====== The data
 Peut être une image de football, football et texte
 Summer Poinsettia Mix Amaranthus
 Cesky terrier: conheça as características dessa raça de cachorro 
============
What the exercise asks
The reply must consist solely of the lines from the one containing "Summer Poinsettia Mix Amaranthus" through the last line in the material above, reproduced exactly.

Result of this task
 Summer Poinsettia Mix Amaranthus
 Cesky terrier: conheça as características dessa raça de cachorro 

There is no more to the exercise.